Un autre défi concerne la distinction entre référentiel national et certification. Contrairement aux certifications existantes (comme celles délivrées par des organismes privés ou des fédérations professionnelles), le référentiel national ne délivre pas de diplôme ou de titre reconnu. Il s’agit d’un label de conformité, qui garantit que la formation respecte les critères définis par les autorités sanitaires. Cette nuance est importante pour les usagers, qui pourraient confondre référencement et certification. Les organismes de formation devront donc communiquer clairement sur la nature de leur reconnaissance, afin d’éviter toute ambiguïté. Enfin, le système devra évoluer avec les avancées scientifiques : les Repères nationaux ne sont pas figés et devront être révisés périodiquement pour intégrer les nouvelles preuves issues de la recherche.

En conclusion : un cadre national pour des formations TND plus fiables et accessibles

L’entrée en vigueur du référentiel national formation TND en 2026 marque un tournant dans la structuration des dispositifs dédiés aux troubles du neurodéveloppement. En s’appuyant sur les Repères nationaux et les recommandations de la HAS, ce cadre inédit vise à harmoniser la qualité pédagogique des formations, à renforcer leur transparence et à offrir aux professionnels comme aux aidants familiaux un outil fiable pour faire des choix éclairés. L’objectif n’est pas seulement d’améliorer la prise en charge des personnes concernées, mais aussi de répondre à un besoin criant de cohérence dans un paysage jusqu’ici fragmenté.

Le futur portail national jouera un rôle central dans cette dynamique, en centralisant les informations sur les formations conformes et en offrant une visibilité sans précédent aux dispositifs les plus adaptés.
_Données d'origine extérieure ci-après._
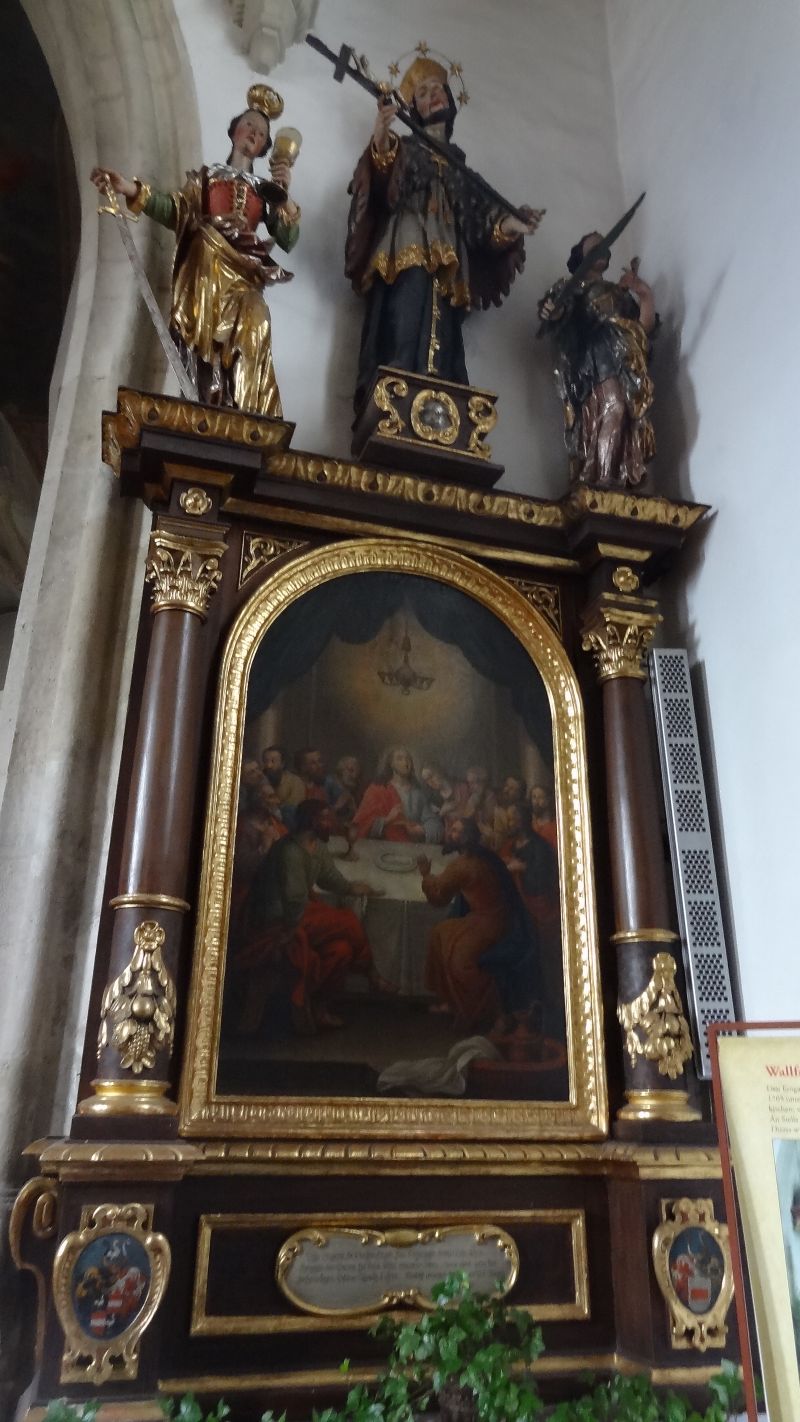 Katholische Kirche Lauffen (Maria im Schatten) - Altar 02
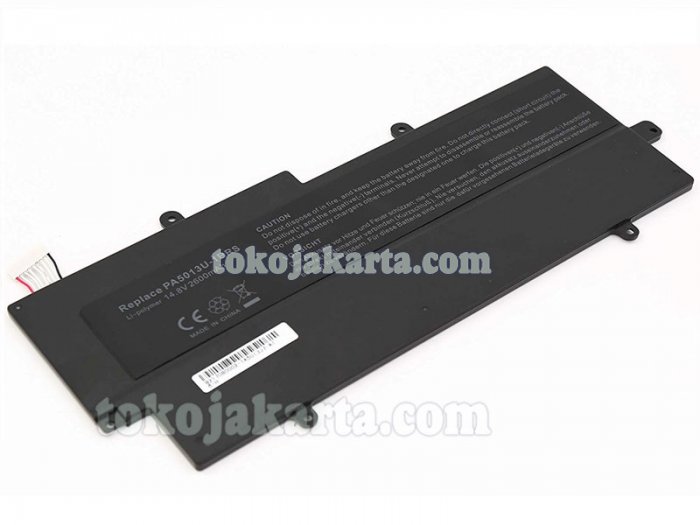 Replacement Baterai Laptop Toshiba Portege Z830 Z835 Z930 Z935 Ultrabook Series/ Toshiba Satellite Z960 Series/ PA5013, PA5013U, PA5013U-1BRS (14.8V - 11843)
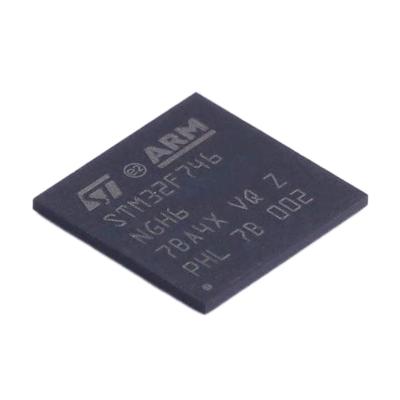 China 100% Original STM32 STM32F746 STM32F746NGH6 TFBGA-216 Stock IC chips for sale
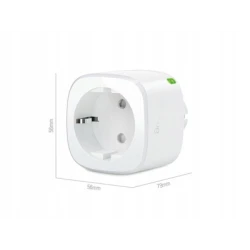 Eve Energy - inteligentne gniazdo elektryczne z funkcją pomiaru zużycia energii (technologia Matter)
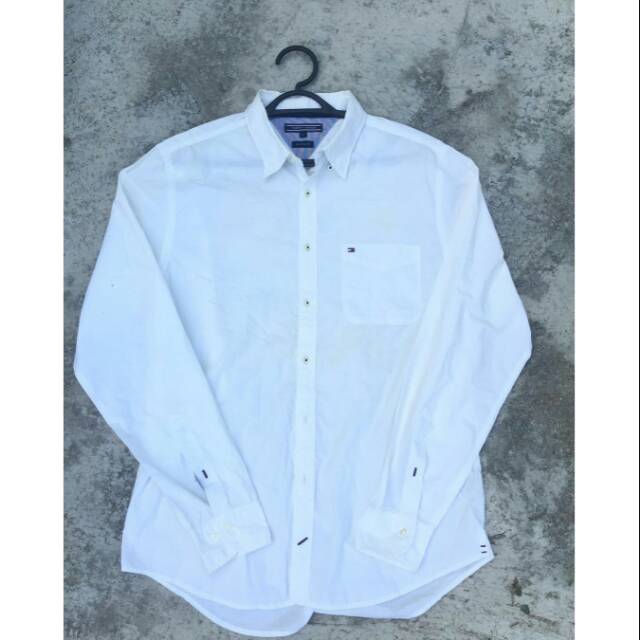kemeja tommy hilfiger original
Pour les organismes de formation, l’enjeu sera de s’adapter rapidement à ces nouvelles exigences, en alignant leurs programmes sur les bonnes pratiques et en garantissant la qualité de leurs intervenants. Quant aux usagers – qu’ils soient professionnels, parents ou aidants –, ils disposeront enfin d’un repère unique pour identifier des formations validées et adaptées à leurs besoins spécifiques.

Cette transformation s’inscrit dans une logique plus large de valorisation des méthodes evidence-based et de réduction des inégalités territoriales. Si des défis persistent, notamment en matière d’harmonisation ou de distinction avec les certifications existantes, les bases posées par ce référentiel national ouvrent la voie à une amélioration durable de la qualité des interventions auprès des personnes concernées par un TND. À l’approche de 2026, l’heure est donc à l’anticipation : professionnels, organismes de formation et familles ont tout intérêt à se familiariser dès maintenant avec ce nouveau cadre pour en tirer pleinement parti.